Our neighbor rescued 3 rabbits from a petting zoo. The zoo was done with them for the year and were going to just let them go, so she took them. She wasn't experienced with rabbits so she only kept them for a few weeks before they were too much for her, so we decided to take them. She had put them together to "play" not realizing what might happen. Needless to say a little less than a month after we took them, we had a surprise litter! All of the babies have found a home except two, a male and female. They are now 10.5 weeks old. Their mother is a mini lop, and their dad is a lion head. This is the male, but his sister looks just like him.


----------



## Tauntz (Jan 3, 2014)

Awwwww, he is & she must be adorable! I do wish people would not use animals to make money & then when they are tired of them or no longer needed, just let them go or whatever!

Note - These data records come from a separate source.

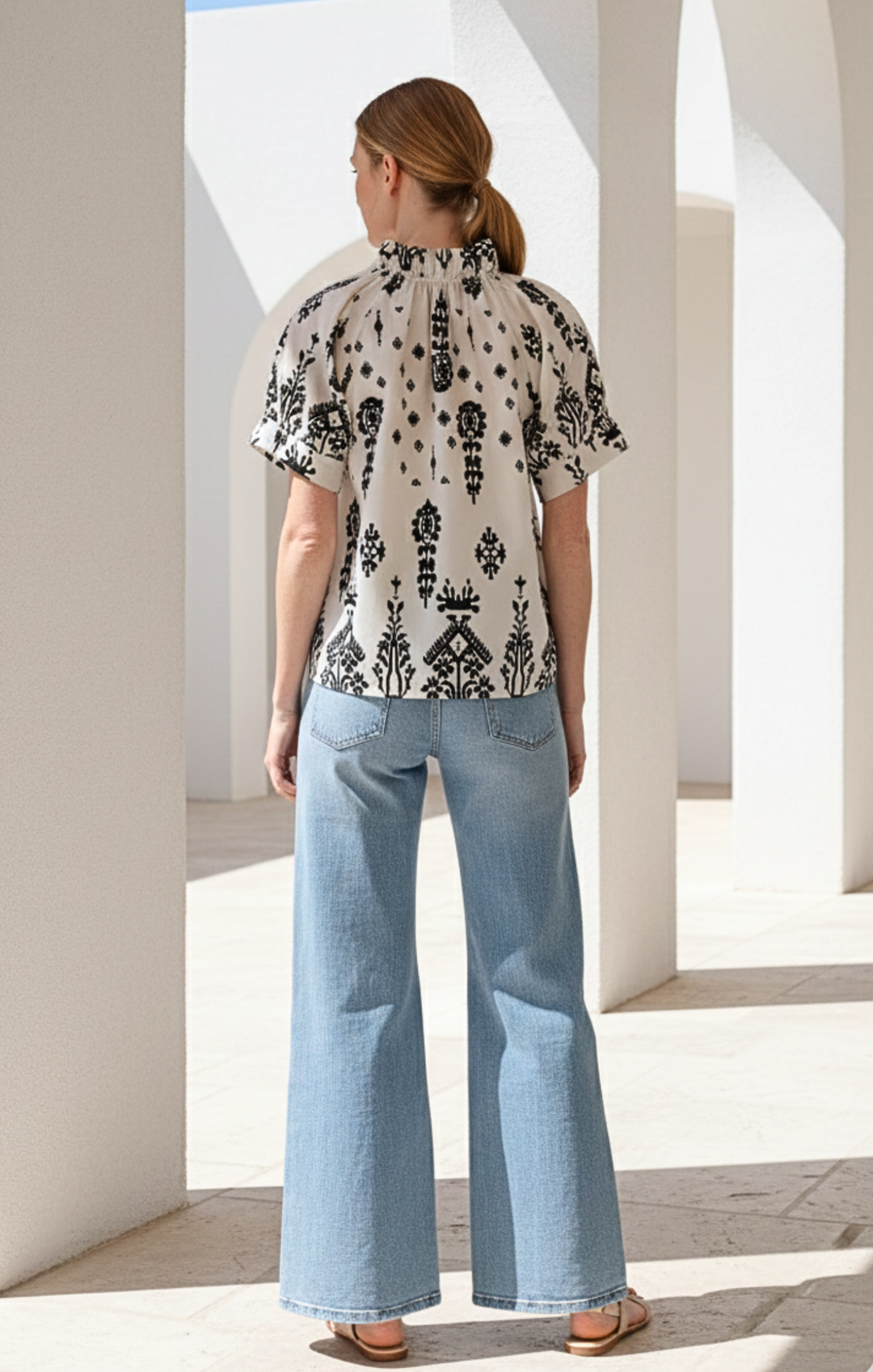 Blake Gathered V-Neckline and Pieced Ruffle Detail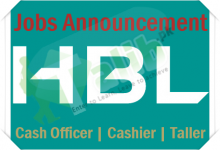 HBL New Cash Officer Jobs 2025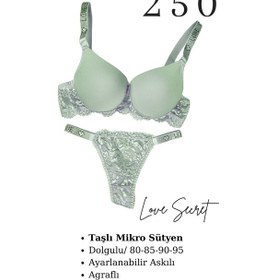 Resim Tılsım Lingerie Murays Kadın 3lü Taşlı Mikro Sütyen Takım Gri/kırmızı/yeşil 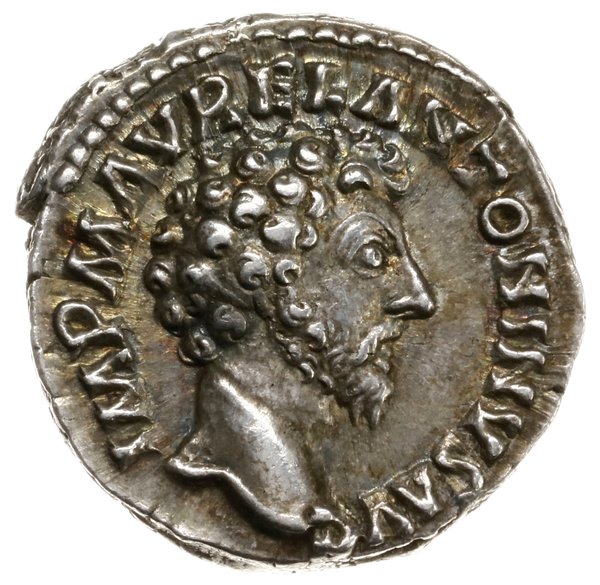 denar, 161-162, mennica Rzym; Aw: Popiersie cesa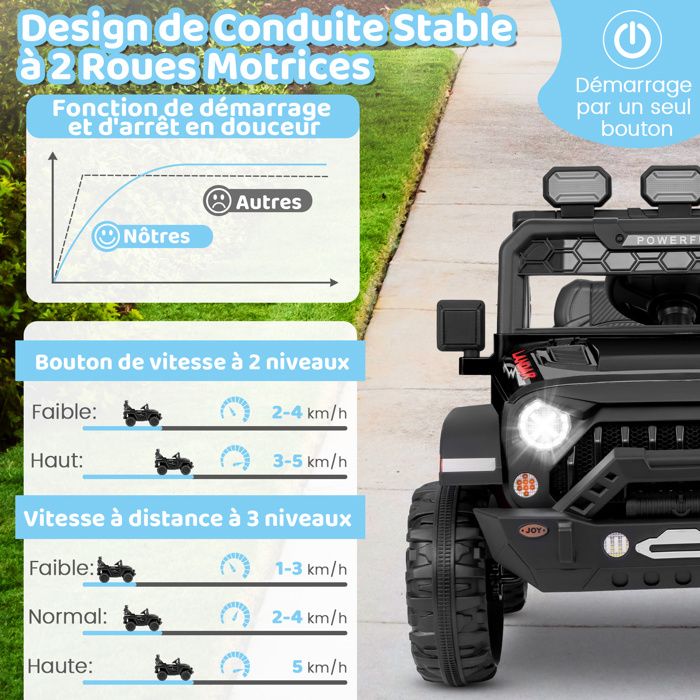 COSTWAY Voiture Électrique 24 V pour Enfants avec Klaxon, Musique, Contes, Connexion sans Fil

At least they could try to find them homes! Glad you were able to take them in & find homes for all but that adorable little boy & his look-alike sister! Hope you can find them a loving home as well perhaps with one of our RO members!


----------



## maidance (Jan 3, 2014)

I live in New York so I'm a bit too far away (although I'd love them if you were closer) but I'll pass this around to my friends and family in Connecticut! I wish you luck finding the cute buns homes!


----------



## briennap (Jan 3, 2014)

carriedaisy said:


> Our neighbor rescued 3 rabbits from a petting zoo. The zoo was done with them for the year and were going to just let them go, so she took them. She wasn't experienced with rabbits so she only kept them for a few weeks before they were too much for her, so we decided to take them. She had put them together to "play" not realizing what might happen. Needless to say a little less than a month after we took them, we had a surprise litter! All of the babies have found a home except two, a male and female. They are now 10.5 weeks old. Their mother is a mini lop, and their dad is a lion head. This is the male, but his sister looks just like him.




Hello! I live in CT and I'm very interested in meeting your little girl bun &#128525;&#128525;&#128525;&#128525;


----------



## carriedaisy (Jan 3, 2014)

Thanks everyone! The frustrating thing about it was that when they took them, we went over and sexed them and also talked to them about bunny care. There were 2 females and a male, we told them to keep them all separate but that the two females could possibly become a bonded pair. They still put them (the male with alternating female) together at times outside in a play pen.  They didn't listen to anything we said, not even about basic care. We love having them all now, but didn't really count on the babies, especially this time of year. Would love to find the last 2 of the litter great homes!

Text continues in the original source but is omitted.